* **WHAT YOU NEED TO DO**:
Under this line are the records; write out word for word the part that begins at the line containing "Flemish Giant Rabbits For Sale" and ends at the line containing "Beautiful mustard field", and no more.
------ MATERIAL SUPPLIED ------
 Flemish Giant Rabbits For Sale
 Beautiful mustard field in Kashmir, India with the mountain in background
------
------ MATERIAL SUPPLIED ------
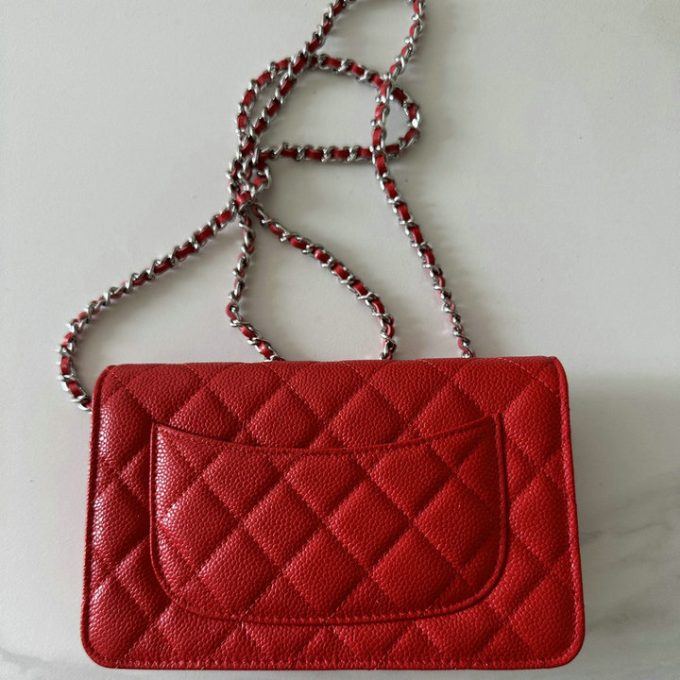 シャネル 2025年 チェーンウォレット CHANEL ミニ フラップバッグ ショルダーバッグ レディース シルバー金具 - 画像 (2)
------
* **PROBLEM SOLUTION**:
 Flemish Giant Rabbits For Sale
 Beautiful mustard field in Kashmir, India with the mountain in background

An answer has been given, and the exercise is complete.